§ WHAT YOU WILL DO: Copy each line below exactly as it appears. Pictures are to be omitted.

§ MATERIAL SUPPLIED:

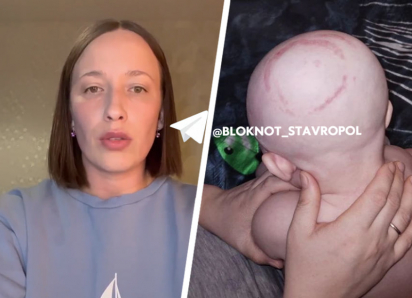 Сломали череп и ключицу: запрещенные методы при родах в ставропольском перинатальном центре окончились травмами младенца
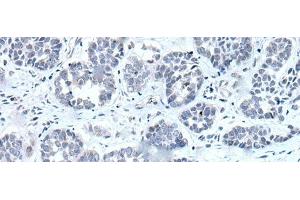 Immunohistochemistry of paraffin-embedded Human esophagus cancer tissue using RARG Polyclonal Antibody at dilution of 1:55(x200)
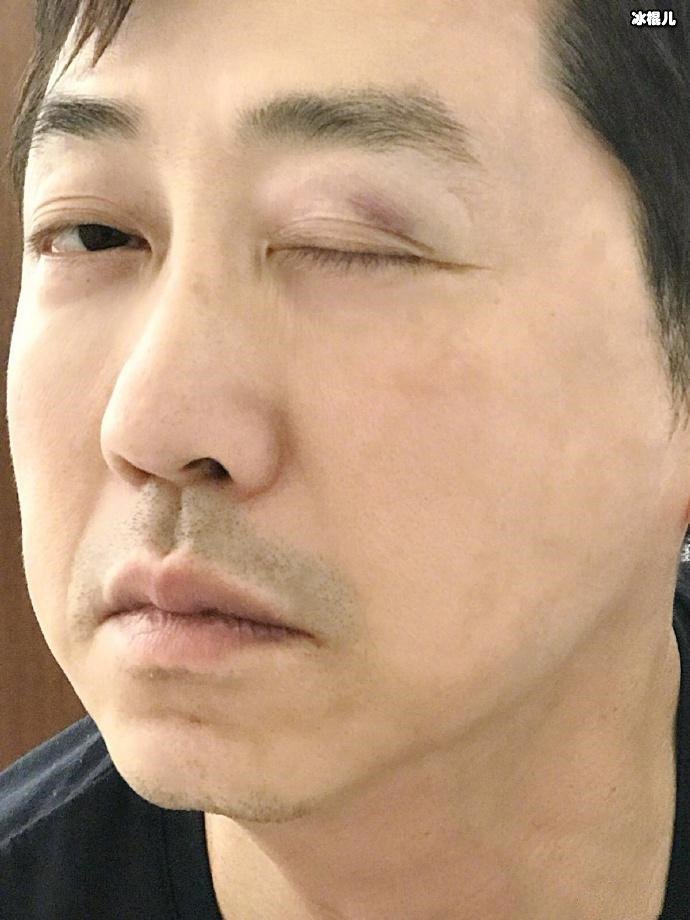手机伤眼睛(为什么关灯玩手机伤眼睛)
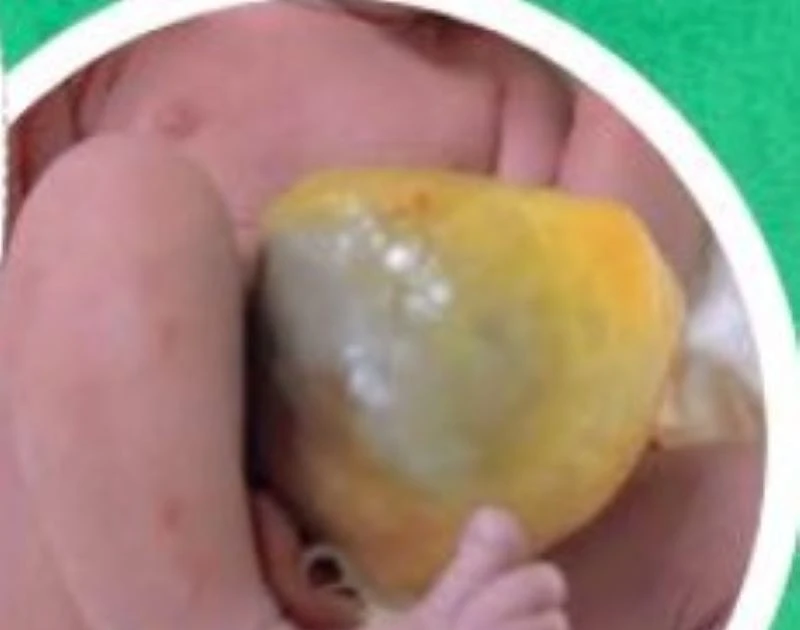 Sàng lọc trước sinh quyết định hành trình an toàn của mẹ và bé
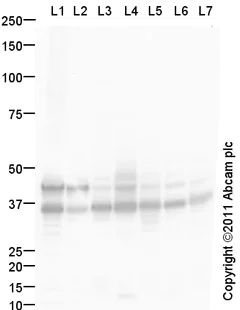 Western blot - Goat Anti-Rabbit IgG H&L (HRP) preadsorbed (AB97080)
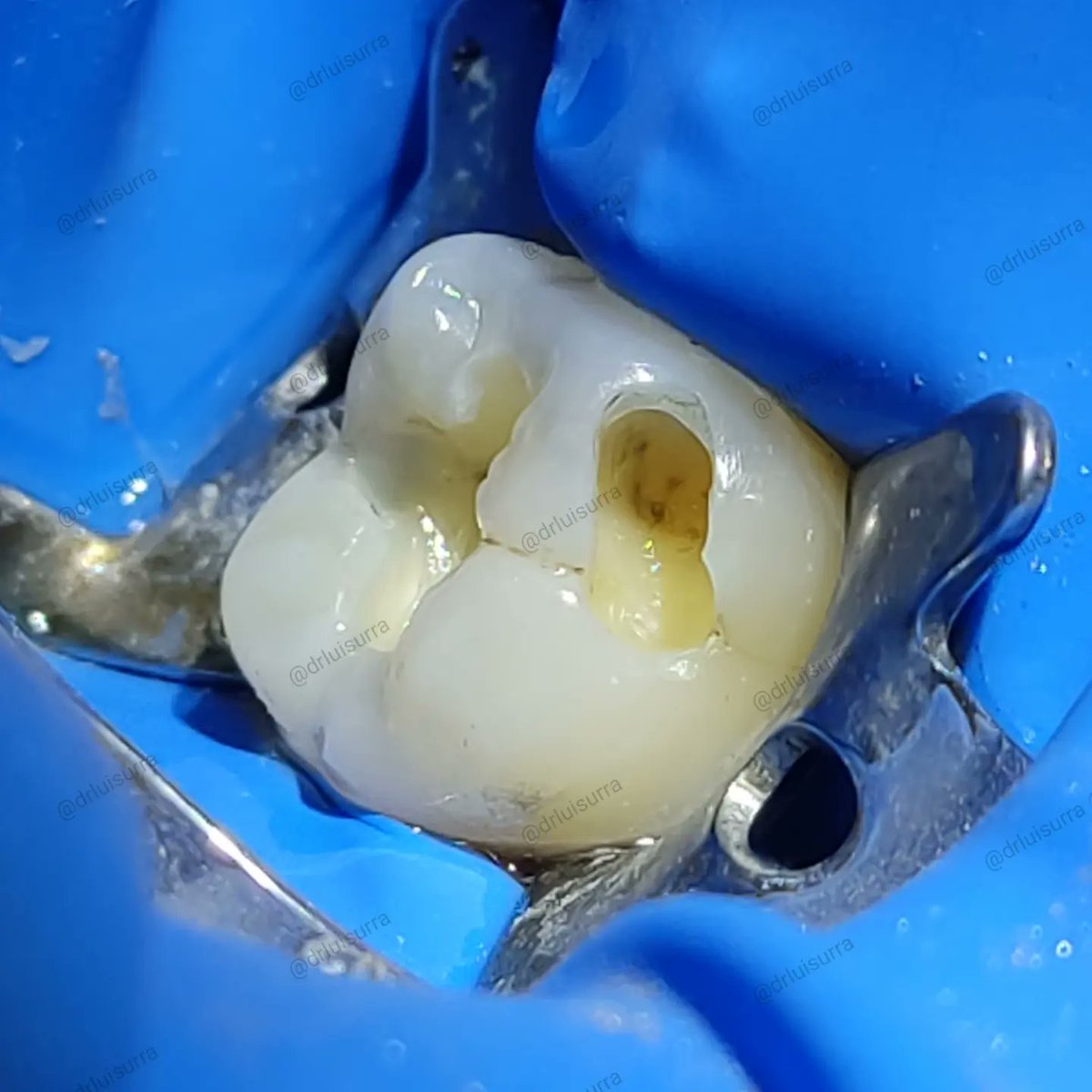 drluisurra's tweet photo. A la paciente le retiraron el 3er molar superior (¿¿??) , cuando ella refería molestia en el 1er molar inferior 🤨. https://t.co/8ilP20zzrB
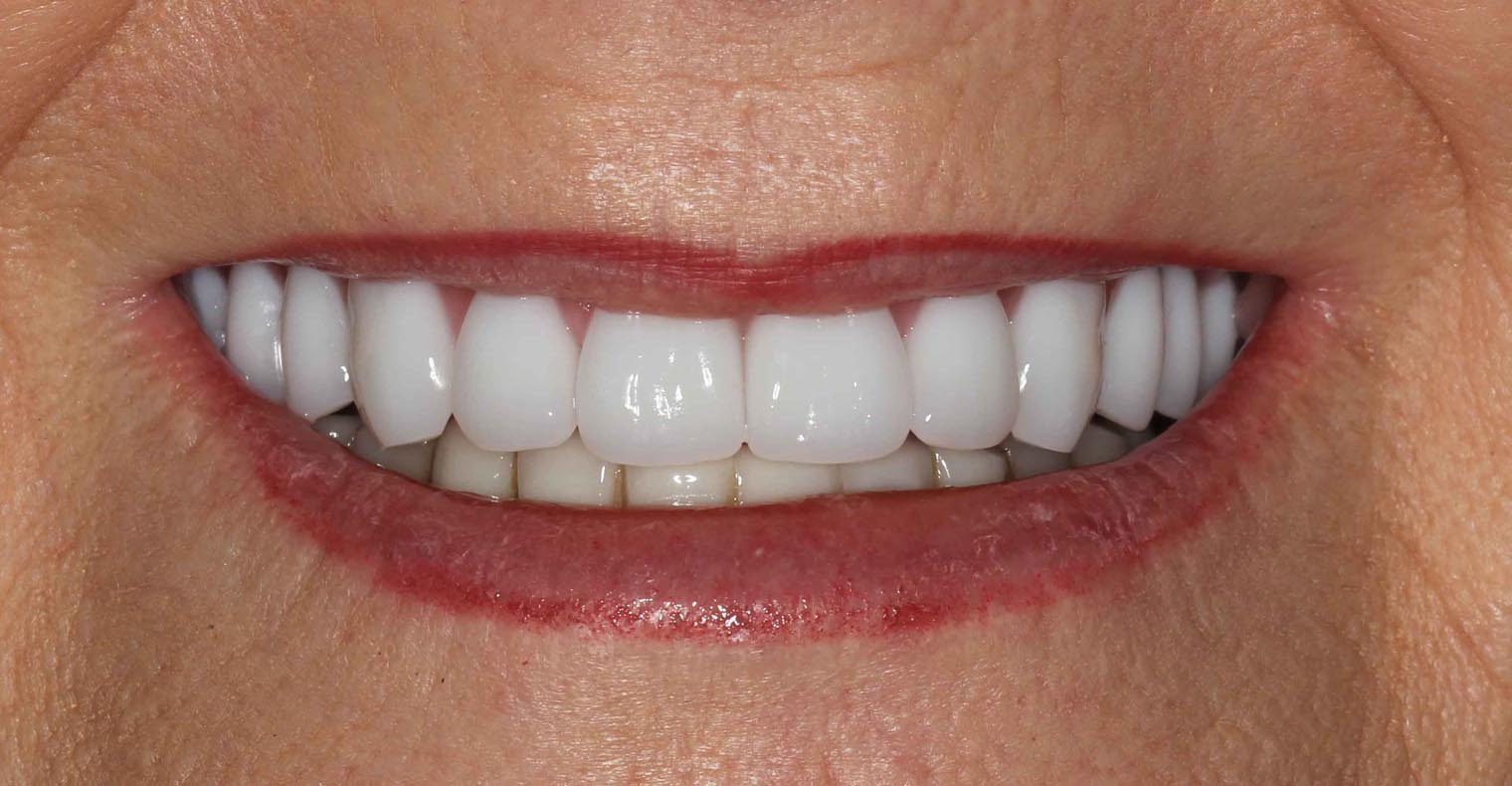 Full Arch/Full Mouth Implant Bridges After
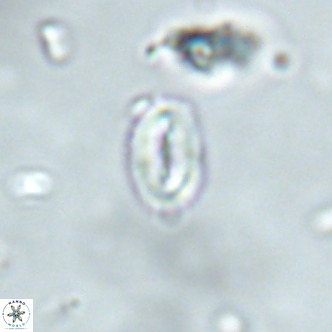 Neocrepidolithus dirimosus VR 01904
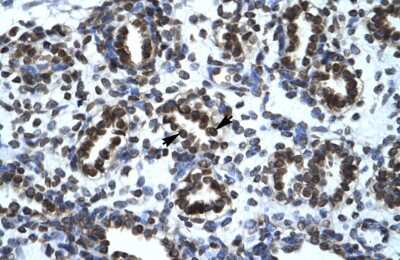 Immunohistochemistry: HIC5/TGFB1I1 Antibody [NBP3-10300] - Immunohistochemical analysis of human lung.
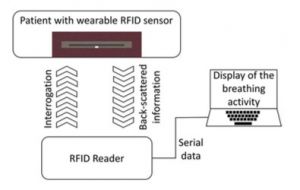 فن آوری RFID باند شکمی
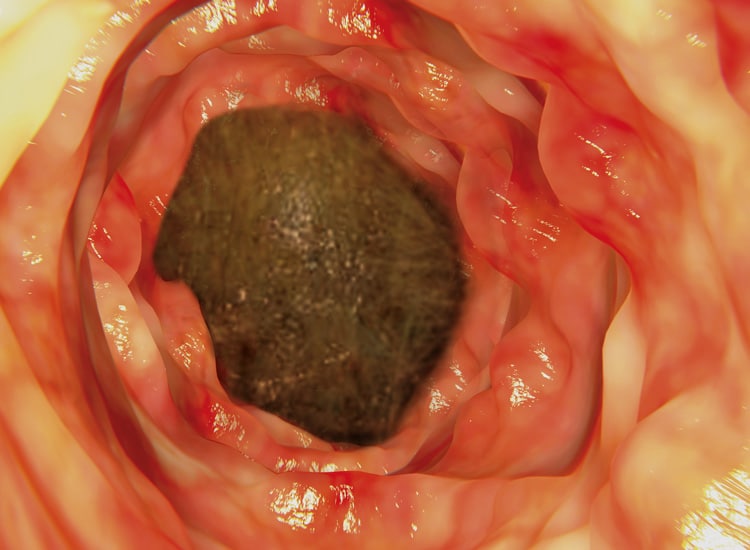 Boule de poils coincée dans l’intestin d’un chat provoquant une occlusion intestinale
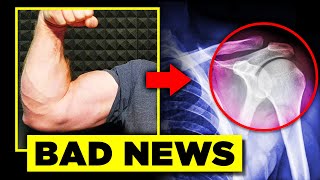 One Of The Worst Armwrestling Injuries Possible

§ ANSWER BELOW:
 Сломали череп и ключицу: запрещенные методы при родах в ставропольском перинатальном центре окончились травмами младенца
 Immunohistochemistry of paraffin-embedded Human esophagus cancer tissue using RARG Polyclonal Antibody at dilution of 1:55(x200)
手机伤眼睛(为什么关灯玩手机伤眼睛)
 Sàng lọc trước sinh quyết định hành trình an toàn của mẹ và bé
 Western blot - Goat Anti-Rabbit IgG H&L (HRP) preadsorbed (AB97080)
 drluisurra's tweet photo. A la paciente le retiraron el 3er molar superior (¿¿??) , cuando ella refería molestia en el 1er molar inferior 🤨. https://t.co/8ilP20zzrB
 Full Arch/Full Mouth Implant Bridges After
 Neocrepidolithus dirimosus VR 01904
 Immunohistochemistry: HIC5/TGFB1I1 Antibody [NBP3-10300] - Immunohistochemical analysis of human lung.
 فن آوری RFID باند شکمی
 Boule de poils coincée dans l’intestin d’un chat provoquant une occlusion intestinale
 One Of The Worst Armwrestling Injuries Possible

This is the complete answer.